INSTRUCTIONS FOR THE TASK: Below are some entries. Transcribe the lines from the one holding "Teal curved S-shaped" to the one holding "Abstract Doodle heart.", inclusive, but not the pictures among them.

[Opening RECORDS TO USE section]

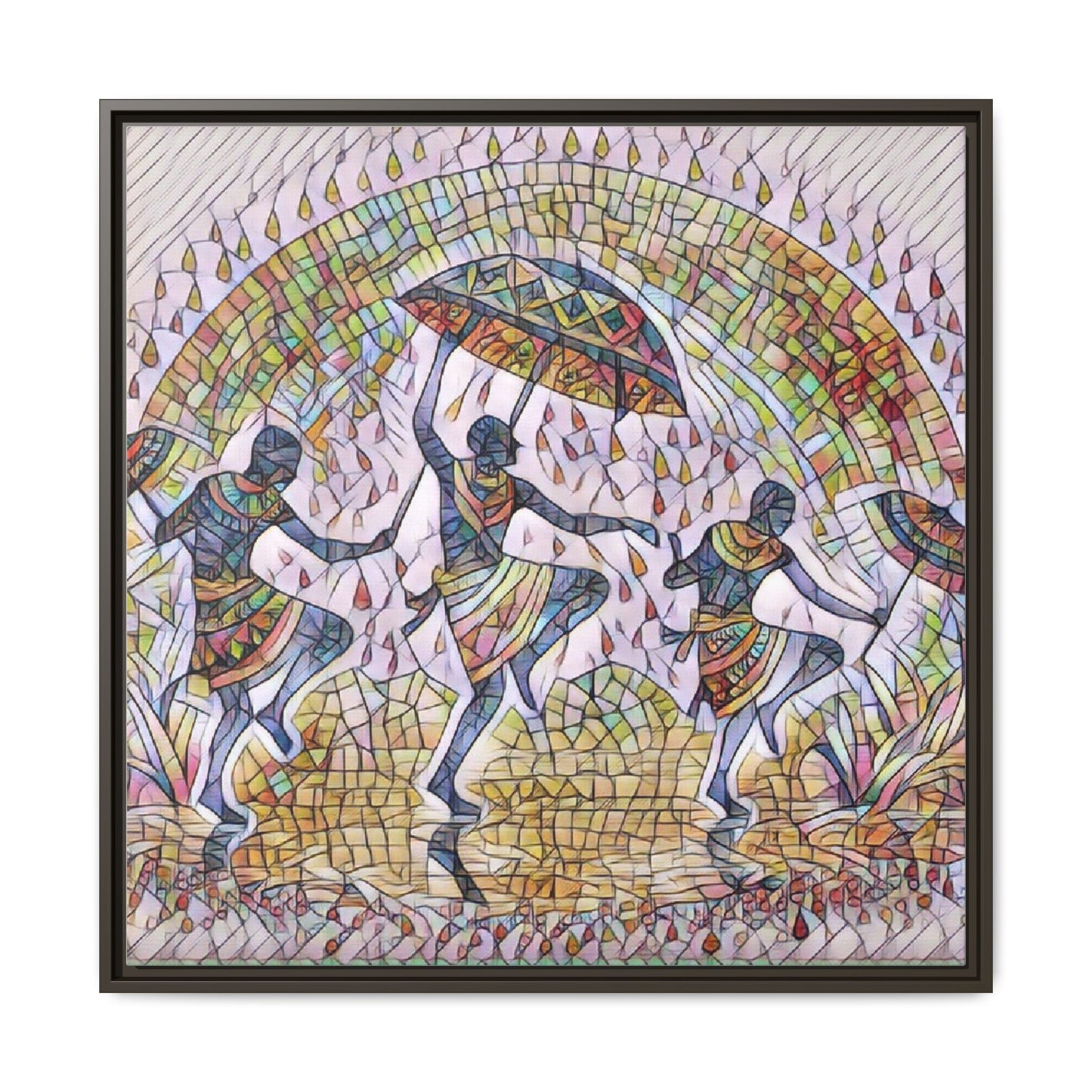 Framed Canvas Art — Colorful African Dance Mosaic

[Closing RECORDS TO USE section]
[Opening RECORDS TO USE section]

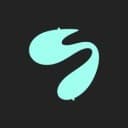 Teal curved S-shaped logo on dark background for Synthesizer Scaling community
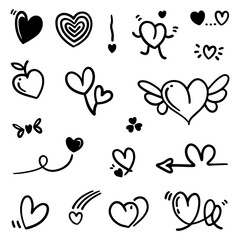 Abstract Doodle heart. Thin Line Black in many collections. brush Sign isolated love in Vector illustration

[Closing RECORDS TO USE section]
[Opening RECORDS TO USE section]

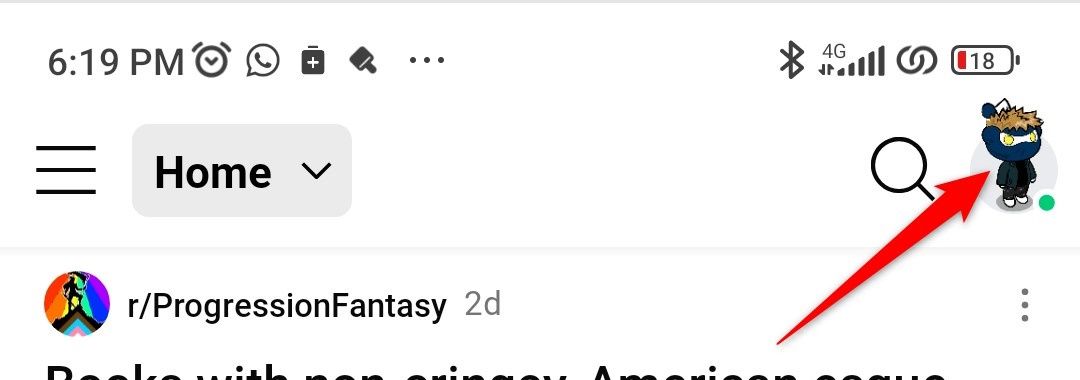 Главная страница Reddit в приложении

[Closing RECORDS TO USE section]

RESULT FOR THIS TASK:
 Teal curved S-shaped logo on dark background for Synthesizer Scaling community
 Abstract Doodle heart. Thin Line Black in many collections. brush Sign isolated love in Vector illustration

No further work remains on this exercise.